In the 1980s, the Chinese Communist Party (CCP) proposed different views on Mao Zedong's population theory, saying that Mao's idea of "the greater population the better" may damage China's economic development. However, China floods the world's export market with its "human sea" tactic proposed by Mao in the 1950s: to use a massive labor force to strengthen the economy. How ironic that Mao's legacy is having an effect again.

Beijing insists on not revaluing the yuan because it's afraid that the appreciation may weaken its competitiveness, decrease its annual economic growth and increase the unemployment rate, which will cause social instability. It's also afraid that exchange-rate speculations may shake and even collapse its seriously-ill financial system.

However, standing up to the pressure does not mean that the problem does not exist anymore, because China is also merging into the global market. As a result, it's estimated that over US$20 billion speculative hot money has already flooded into China, waiting to profit from the exchange rate differentials after the future appreciation.

Beijing's hardline attitude has not yet scared away foreign investors, who have put their money into China's real estate and stock markets, making the bubble bigger and bigger while causing financial instability. The Chinese government has tried to reduce the pressure by issuing US-dollar-denominated bonds, allowing enterprises to purchase such bonds freely, and relaxing the limit on the amount of cash that each individual could take out of China. But these methods can only solve a small part of the problem.

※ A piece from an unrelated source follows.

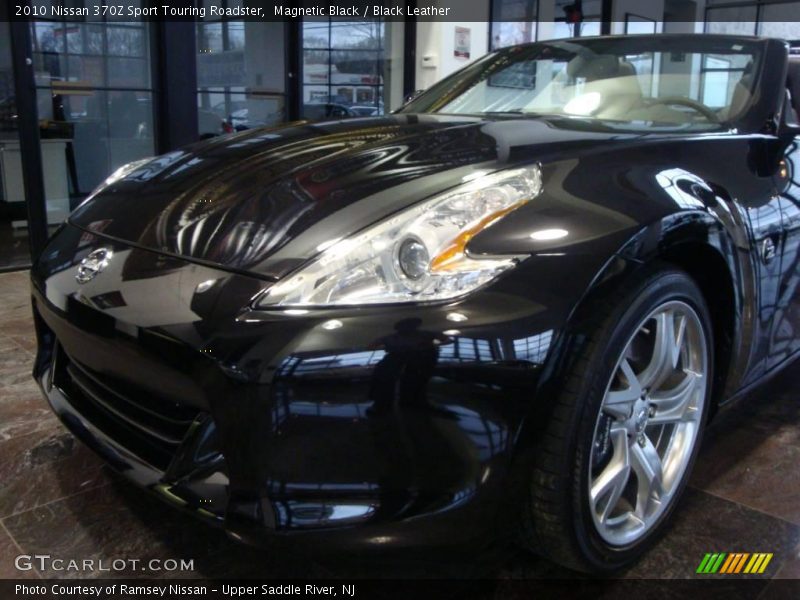 Magnetic Black / Black Leather 2010 Nissan 370Z Sport Touring Roadster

Today, both the US government and some US investment banks are pressuring China to move toward a free-floating exchange rate. This is perhaps more justifiable than simply demanding a revaluation. This is also the issue that China cannot avoid in the process of its globalization. Due to China's policy of pegging the yuan to the US dollar, even a liberal and open financial center like Hong Kong is facing certain structural problems from which it can hardly free itself. Such a policy even caused a financial crisis in Argentina. What will happen to China?

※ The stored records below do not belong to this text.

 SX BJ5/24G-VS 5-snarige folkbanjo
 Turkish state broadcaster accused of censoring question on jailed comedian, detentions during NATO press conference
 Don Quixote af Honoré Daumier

China initially benefited from its WTO entry but may suffer later. It obtained all the free-trade rights instantly, and its obligations (such as the reduction of customs duties) will not come for three to five years. Therefore, the situation seems bright during its honeymoon with the WTO. But if Beijing does not seize the chance to implement systemic reforms, including financial reforms, the outcome may be unbearable to think once the pressure grows further.

*Paul Lin is a political commentator based in New York.